This model predicts the fare of flight on the basis of old records . In the process of completing this project - data cleaning, data processing , balancing the data and converting the categorical data into numerical data.
In this case, I will be analyzing the flight fare prediction using Machine Learning dataset using essential exploratory data analysis techniques then will draw some predictions about the price of the flight based on some features such as what type of airline it is, what is the arrival time, what is the departure time, what is the duration of the flight, source, destination and more.

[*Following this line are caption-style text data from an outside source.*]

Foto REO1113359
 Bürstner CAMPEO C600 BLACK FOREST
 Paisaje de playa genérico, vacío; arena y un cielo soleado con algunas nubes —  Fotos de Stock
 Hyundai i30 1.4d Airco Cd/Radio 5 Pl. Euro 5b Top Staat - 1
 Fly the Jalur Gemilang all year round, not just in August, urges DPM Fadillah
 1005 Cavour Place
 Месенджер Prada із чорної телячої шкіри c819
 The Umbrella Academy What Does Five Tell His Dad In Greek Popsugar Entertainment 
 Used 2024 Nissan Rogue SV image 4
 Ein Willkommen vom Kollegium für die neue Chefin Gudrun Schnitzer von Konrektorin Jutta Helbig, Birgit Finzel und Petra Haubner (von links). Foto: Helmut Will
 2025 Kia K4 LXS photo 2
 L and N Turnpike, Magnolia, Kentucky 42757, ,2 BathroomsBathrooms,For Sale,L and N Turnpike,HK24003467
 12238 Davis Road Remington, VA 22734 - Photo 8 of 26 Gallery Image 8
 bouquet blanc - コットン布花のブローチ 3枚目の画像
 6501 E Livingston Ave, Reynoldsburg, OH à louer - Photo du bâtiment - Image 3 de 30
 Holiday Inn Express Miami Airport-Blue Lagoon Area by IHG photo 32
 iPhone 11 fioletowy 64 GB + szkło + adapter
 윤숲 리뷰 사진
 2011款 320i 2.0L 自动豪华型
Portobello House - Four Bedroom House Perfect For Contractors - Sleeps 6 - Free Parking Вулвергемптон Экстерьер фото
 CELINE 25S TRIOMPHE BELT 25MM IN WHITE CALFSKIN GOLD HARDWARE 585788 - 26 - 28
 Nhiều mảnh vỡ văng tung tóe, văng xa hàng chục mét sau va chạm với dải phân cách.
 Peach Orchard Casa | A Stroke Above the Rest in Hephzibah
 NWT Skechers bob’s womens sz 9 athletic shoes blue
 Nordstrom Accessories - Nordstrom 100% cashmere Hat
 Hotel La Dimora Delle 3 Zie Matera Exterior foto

- Airline : So this column will have all the types of airlines like Indigo, Jet Airways, Air India, and many more.
- Date_of_Journey: This column will let us know about the date on which the passenger’s journey will start.
- Source: This column holds the name of the place from where the passenger’s journey will start.
- Destination: This column holds the name of the place to where passengers wanted to travel.
- Route: Here we can know about that what is the route through which passengers have opted to travel from his/her source to their destination.
- Arrival_Time: Arrival time is when the passenger will reach his/her destination.
- Duration: Duration is the whole period that a flight will take to complete its journey from source to destination.
- Total_Stops: This will let us know in how many places flights will stop there for the flight in the whole journey.
- Additional_Info: In this column, we will get information about food, kind of food, and other amenities.
- Price: Price of the flight for a complete journey including all the expenses before onboarding.
jupyter notebook, python libraries: Numpy, Pandas, onehot encoding. label encoder , Matplotlib, NLP,machine learning.
- EDA: Learn the complete process of EDA
- Data analysis: Learn to withdraw some insights from the dataset both mathematically and visualize it.
- Data visualization: Visualising the data to get better insight from it.
- Feature engineering: We will also see what kind of stuff we can do in the feature engineering part.
import numpy as np
import pandas as pd
import matplotlib.pyplot as plt
import seaborn as sns
from sklearn.preprocessing import StandardScaler
from sklearn.model_selection import train_test_split
from sklearn.metrics import mean_squared_error as mse
from sklearn.metrics import r2_score
from math import sqrt
from sklearn.linear_model import Ridge
from sklearn.linear_model import Lasso
from sklearn.tree import DecisionTreeRegressor
from sklearn.ensemble import RandomForestRegressor
from sklearn.preprocessing import LabelEncoder
from sklearn.model_selection import KFold
from sklearn.model_selection import train_test_split
from sklearn.model_selection import GridSearchCV
from sklearn.model_selection import RandomizedSearchCV
I have done a complete EDA process, getting data insights, feature engineering, and data visualization as well so after all these steps I can go for the prediction using machine learning model-making steps, here I have used RandomizedSearchCV for prediction.